Your veins are thorns

and the good cells are lost in the deep dark woods

of your organs.

As for your spine, those cirrus-thin vertebrae

evaporate when the sun comes out.

Little deer too delicate for daylight,

your coat of hailstones is an icepack on my fever.

Are you thirsty?

Rest your muzzle against the wardrobe mirror

and drink my reflection –
the room pools and rivers about us

but no one comes

to stop my bed from sliding down your throat.


  1. It's so interesting to hear how your interest in writing about Frida began, and also about the art you were working on at that time. Also the actual way you write and, of course, the two poems. What an inspiration Frida has been and you inspire us to write too.

  2. Pascale, what extraordinary, haunting poetry. I can't wait for The Wounded Deer to be published. I started as a visual artist too, training at the Ruskin School of Art, so I particularly love your poems which the mind roves over like paintings. My dissertation was on Uccello's the Hunt by Night which is in the Ashmolean. Hope I can come to one of your classes in the near future. Can you let me know when your next ones are?

  3. Thank you Adele for your encouraging comments for poems and blogging!

    Jenny thanks for your kind words, I didn't know your went to Ruskin. My next Tate Modern classes are up on the Tate Modern website now, called Poetry from Art, there are three and people can do one, two or three as suits, though early booking advised. I'm also doing a week residential course in south of France in October, all details on my website Pxx

  4. A real treat to read these two poems here, as well as hear about the background behind your modus operandi. I think you've done it very well and I also can't wait to read the whole book! Your 'The Wounded Deer' pamphlet got me reading a book I happened to buy on her art, giving her biogrpahical background to each of her works. She's a mighty artist and I think you've done some justice to the work using her voice.

  5. I love Frida so this post was such a pleasure... how interesting the evolution of your writing and the two poems you posted are wonderful- and so different from one another, even though they are of the same painting.
    Frida is so inspirational- I think she would be so proud to read your poems...
    Can't wait for your book to come out!

  6. Red Bird, thanks for being so encouraging. Today's been a good day as I managed to write another Frida poem, after a portrait she did of a little girl who used to come to visit her when she was sick, Mariana Morilla Safa. Even though I'm supposed to be preparing for my reading at Bantry as I fly tomorrow.

    Barbara, thank you for your new post! I'm so pleased you think I got Frida's voice right. I wonder if the poems are more her than me, it's been great pretending to be someone else so flamboyant. I think I've read every book on her now, but there's a new one coming out in the autumn from someone who discovered some suitcases and trunks of hers, how exciting!
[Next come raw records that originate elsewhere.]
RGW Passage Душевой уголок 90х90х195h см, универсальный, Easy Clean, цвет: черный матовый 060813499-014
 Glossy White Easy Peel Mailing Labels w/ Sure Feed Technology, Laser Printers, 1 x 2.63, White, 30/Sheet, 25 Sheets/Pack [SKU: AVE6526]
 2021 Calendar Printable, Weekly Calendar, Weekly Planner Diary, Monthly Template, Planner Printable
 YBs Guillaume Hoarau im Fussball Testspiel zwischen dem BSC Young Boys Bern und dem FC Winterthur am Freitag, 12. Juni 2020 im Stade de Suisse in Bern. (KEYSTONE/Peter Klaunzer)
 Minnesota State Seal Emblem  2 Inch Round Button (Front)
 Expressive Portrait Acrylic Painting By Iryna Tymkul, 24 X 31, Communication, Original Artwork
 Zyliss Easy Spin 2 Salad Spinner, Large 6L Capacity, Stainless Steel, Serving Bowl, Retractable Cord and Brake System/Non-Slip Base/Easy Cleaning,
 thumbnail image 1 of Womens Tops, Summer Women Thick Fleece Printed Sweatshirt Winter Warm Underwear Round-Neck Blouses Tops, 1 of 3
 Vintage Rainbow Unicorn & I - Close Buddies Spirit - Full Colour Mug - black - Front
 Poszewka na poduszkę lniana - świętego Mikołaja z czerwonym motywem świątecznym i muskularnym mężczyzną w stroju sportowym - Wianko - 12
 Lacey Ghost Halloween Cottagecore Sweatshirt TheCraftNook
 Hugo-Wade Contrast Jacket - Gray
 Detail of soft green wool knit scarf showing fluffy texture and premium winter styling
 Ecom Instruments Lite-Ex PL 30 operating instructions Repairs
  7. I can't imagine how it must have felt for you reading in the Tate Modern with Frida's paintings around you, Pascale. Synchronicity! It's kind of goosebump stuff.

    Safe travelling tomorrow.

  8. Both are lovely but I prefer the mysterious suggestions of the latter. "coat of hailstones" is an especially beautiful image. And, of course, the last line is simply perfect. Bravo!

  9. Thanks for the feedback Gerry,

    I prefer the second too, since I wrote it recently and because it's more compressed. Also I wrote it so quickly and unexpectedly.